* [EXERCISE PROMPT]
Apart from the pictures, which must be omitted, restate the data exactly.

* [EXERCISE DATA]
******
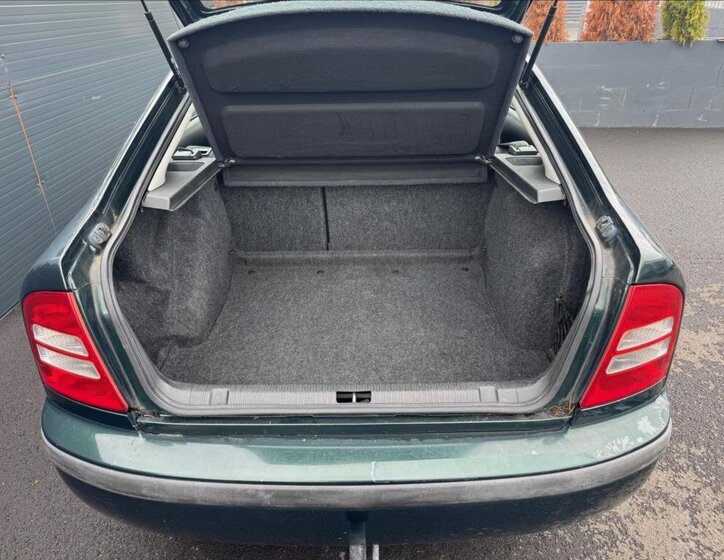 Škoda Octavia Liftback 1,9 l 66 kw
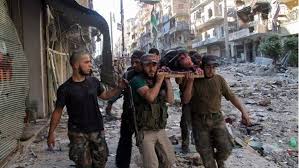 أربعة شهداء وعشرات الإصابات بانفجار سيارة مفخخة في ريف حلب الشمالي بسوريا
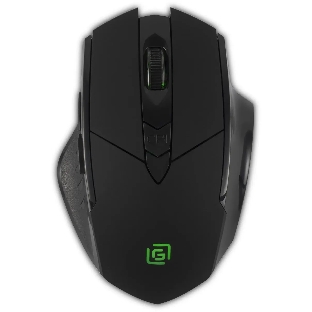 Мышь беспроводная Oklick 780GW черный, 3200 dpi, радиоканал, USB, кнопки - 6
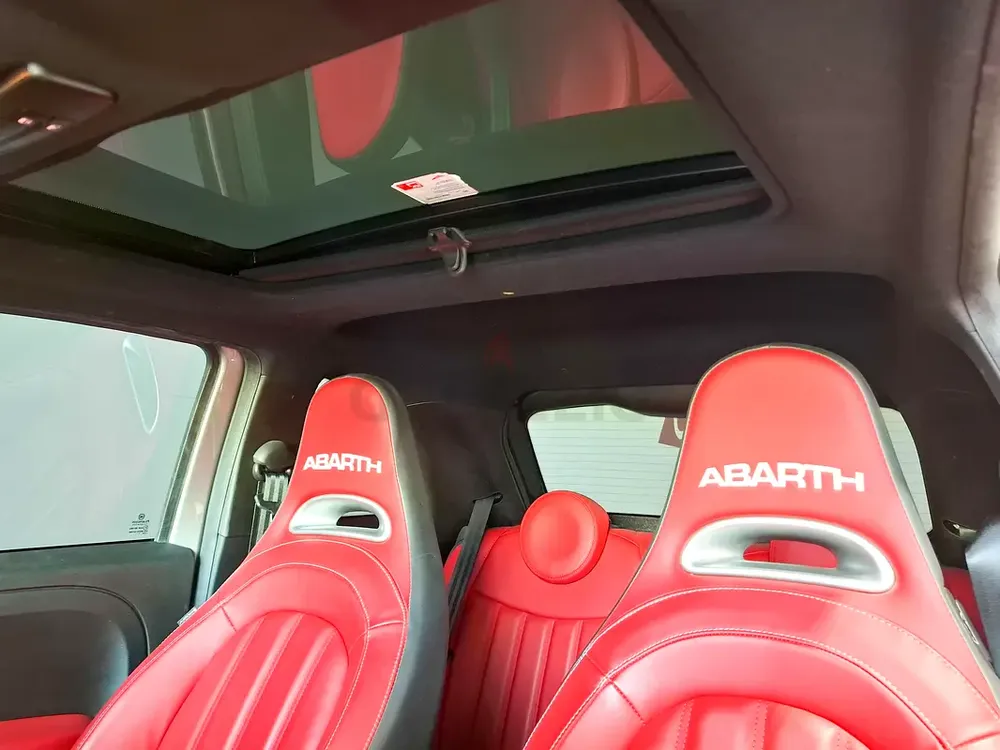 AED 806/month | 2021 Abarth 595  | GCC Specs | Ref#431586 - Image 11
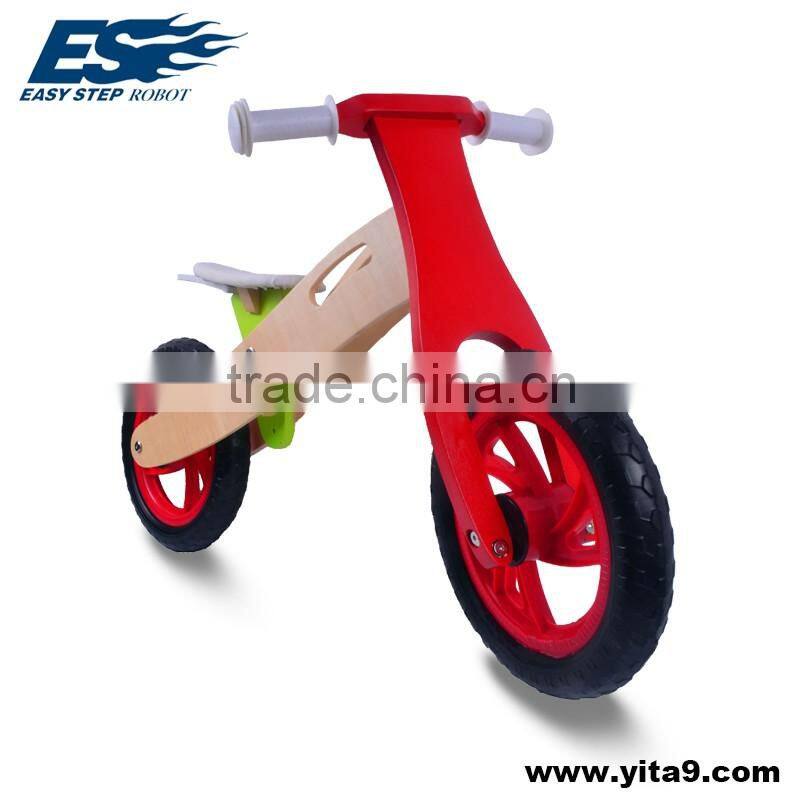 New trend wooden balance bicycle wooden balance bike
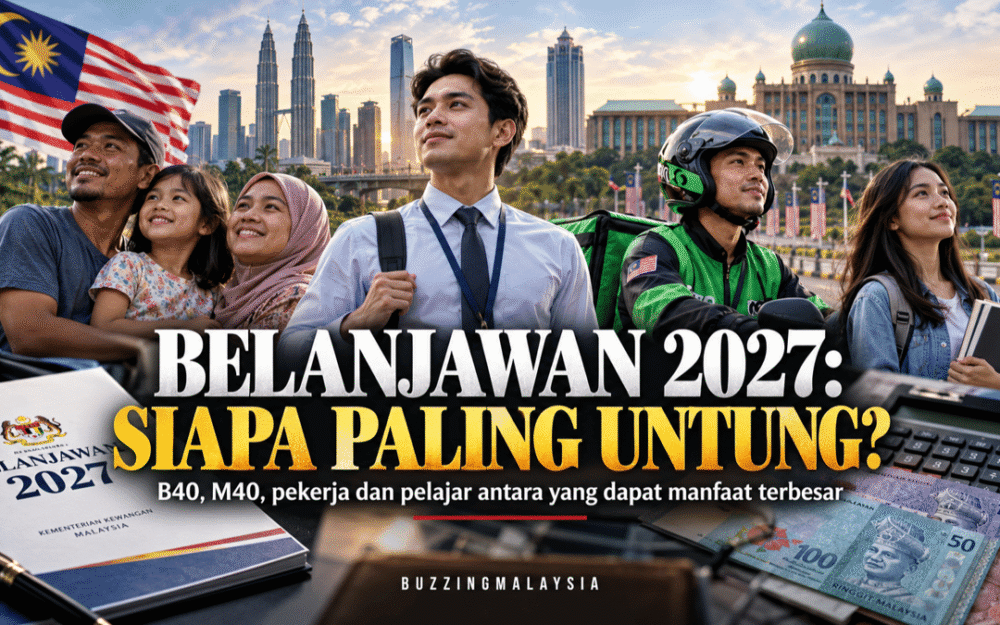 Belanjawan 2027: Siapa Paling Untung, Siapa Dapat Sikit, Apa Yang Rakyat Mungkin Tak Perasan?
******
* [COMPLETED TASK]
 Škoda Octavia Liftback 1,9 l 66 kw
 أربعة شهداء وعشرات الإصابات بانفجار سيارة مفخخة في ريف حلب الشمالي بسوريا
 Мышь беспроводная Oklick 780GW черный, 3200 dpi, радиоканал, USB, кнопки - 6
 AED 806/month | 2021 Abarth 595  | GCC Specs | Ref#431586 - Image 11
 New trend wooden balance bicycle wooden balance bike
 Belanjawan 2027: Siapa Paling Untung, Siapa Dapat Sikit, Apa Yang Rakyat Mungkin Tak Perasan?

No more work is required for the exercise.